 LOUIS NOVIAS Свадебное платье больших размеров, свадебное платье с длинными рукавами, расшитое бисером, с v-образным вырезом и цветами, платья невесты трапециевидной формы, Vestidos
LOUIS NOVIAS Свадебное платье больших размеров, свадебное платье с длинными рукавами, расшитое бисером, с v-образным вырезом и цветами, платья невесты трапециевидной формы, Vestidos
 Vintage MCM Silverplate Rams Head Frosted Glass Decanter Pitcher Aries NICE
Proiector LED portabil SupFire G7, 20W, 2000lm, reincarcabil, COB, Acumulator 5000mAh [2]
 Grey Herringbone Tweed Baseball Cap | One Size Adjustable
◇ ◇ ◇ ◇ ◇
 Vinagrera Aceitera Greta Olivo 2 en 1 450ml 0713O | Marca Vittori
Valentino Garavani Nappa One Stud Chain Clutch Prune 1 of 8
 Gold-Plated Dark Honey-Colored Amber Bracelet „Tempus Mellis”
◇ ◇ ◇ ◇ ◇
▶ [WORK TO COMPLETE]
Each line in the data that holds the string "LOUIS" must be returned.

▶ [ANSWER BOX]
 LOUIS NOVIAS Свадебное платье больших размеров, свадебное платье с длинными рукавами, расшитое бисером, с v-образным вырезом и цветами, платья невесты трапециевидной формы, Vestidos
LOUIS NOVIAS Свадебное платье больших размеров, свадебное платье с длинными рукавами, расшитое бисером, с v-образным вырезом и цветами, платья невесты трапециевидной формы, Vestidos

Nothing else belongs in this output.